The Synchronous Coupling Problem

REST between services means the calling service blocks until it gets a response. In a chain, latency adds and availability multiplies. This is just math. Five services each at 99.9% availability produce a chain with 99.5% end-to-end availability. If the slowest service in that chain has P99 latency of 200ms, the chain’s P99 is at least 1,000ms before your own code even runs. These are not implementation bugs. They are the arithmetic consequences of synchronous coupling.

The more dangerous property is failure coupling. When the inventory service is overloaded and responding in 10 seconds, the order service waits 10 seconds. The API gateway waits 10 seconds. Users see 10-second page loads. Without circuit breakers, one slow dependency grinds every transaction path that touches it to a halt.

Here’s the part most teams learn too late: the failure mode is not one slow service. It’s one slow service that causes thread pool exhaustion in its callers, which causes those callers to become slow, which exhausts thread pools in their callers. A cascade. By the time your monitoring alerts fire, three services are down and the root cause is a database index that dropped on a service nobody was watching. Site reliability engineering practices formalize the circuit breaker and retry budget parameters that prevent this cascade from propagating across service boundaries.

When to Choose Async

Asynchronous messaging through Kafka, RabbitMQ, or SQS decouples services temporally. The producer publishes and moves on. If the notification service is down when an order is placed, the order still completes. The message sits in the queue. When the notification service recovers, it processes the backlog. The order service has no awareness that the notification service even exists. That’s the power of temporal decoupling.

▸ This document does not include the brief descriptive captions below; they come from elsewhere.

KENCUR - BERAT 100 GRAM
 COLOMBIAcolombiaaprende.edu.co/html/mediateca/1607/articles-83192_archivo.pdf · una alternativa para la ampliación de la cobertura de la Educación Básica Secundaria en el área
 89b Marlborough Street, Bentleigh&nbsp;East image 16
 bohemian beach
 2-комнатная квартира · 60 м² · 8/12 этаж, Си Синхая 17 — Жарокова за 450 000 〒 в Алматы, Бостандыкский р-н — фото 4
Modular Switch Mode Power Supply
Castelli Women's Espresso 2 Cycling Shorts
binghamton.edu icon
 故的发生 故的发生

The trade-off is eventual consistency. An order placed at 10:00:00 may not show in the analytics dashboard until 10:00:05. For most cross-domain events, that’s perfectly fine. For use cases where the caller needs to know the outcome before proceeding (confirming inventory availability before accepting payment, for instance) synchronous communication is the right call.

Here is the heuristic that holds up after dozens of these decisions: use async for things other domains should react to but don’t need to confirm. Use sync for queries and commands where the caller needs a definitive answer before proceeding. Make this choice explicitly per use case. Do not default to one pattern for everything. Cloud-native platform engineering practices codify these defaults so individual teams aren’t reinventing the decision on every new service.

One thing that catches teams off-guard with async, and it will catch you if you’re not deliberate: you need to design for message ordering and idempotency from day one. Kafka guarantees ordering within a partition, but not across partitions. If your order-created and order-cancelled events land in different partitions, a consumer processes them out of order. Partition keys solve this for entity-scoped events, but you need to think about it upfront. Bolting it on after you’ve already got 50 event types in production is a multi-sprint effort that nobody wants to fund.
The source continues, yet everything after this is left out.